The Community for Security Trust, a British anti-Semitism watchdog, stated in its most recent annual report that there were 41 cases of reported anti-Semitic incidents in 2016, nearly double 2015’s tally of 21, showing that anti-Semitism on campuses is indeed growing rapidly.
Baroness Ruth Deech, a Jewish cross-bench peer in the House of Lords and first ever independent adjudicator for higher education handling student complaints, called on universities to “rise up and condemn” anti-Semitism on campuses. She told the Guardian that she sees parallels between the current situation and how her parents were attacked for being Jewish while at European universities in the run-up to the Holocaust.
“In the 1920s and 1930s discrimination against Jews started in German, Austrian and Polish universities, long before the second world war,” Deech said, while adding that “attacks on Jewish students in universities today should be seen as the canary in the coalmine. It starts there and it spreads.”
In an interview in December with The Telegraph, Deech pointed to the large sums of donations many British universities receive from countries such as Saudi Arabia as a possible reason for why so little has been done by campus administrations to combat anti-Semitism, speculating that maybe they are “afraid of offending” potential donors from Gulf states.
While much of the attention has been focused in recent years on anti-Semitism emanating from the far-left, most notably as a result of a number of controversial statements made by Labour Party politicians, David Feldman, director of the Pears Institute for the Study of Antisemitism at Birkbeck, University of London, claimed the most recent cases instead seem to be the work of the far-right.
“My impression is this is coming from a different place to incidents that arise in the context of criticizing Israel.
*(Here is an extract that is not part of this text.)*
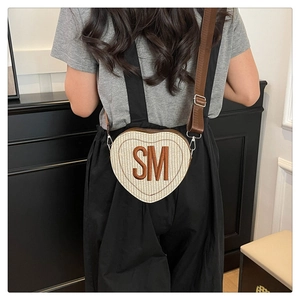 Détail du sac bandoulière en cœur tissé avec initiales SM et bandoulière ajustable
This is straightforward anti-Semitism and it’s coming from the right,” he said.
The National Union of Students President Malia Bouattia echoed Feldman’s claim, telling the Guardian that the uptick is attributable to Brexit and the election of US President Donald Trump, both of which drew support from anti-Semitic fringes on the far-right.
Josh Nagli, the campaigns director for the Union of Jewish Students, told the Guardian that while he does not consider the recent rise in anti-Semitism to be of serious concern, the multiplicity of incidents at different campuses suggests a level of coordination.
While statistics “suggest that reported incidents of anti-Semitism in universities remain low,” Universities UK, a representative organization for British universities, told the Guardian, “even a single incident is one too many.”
Universities UK called on students to be vigilant in reporting any cases of anti-Semitism.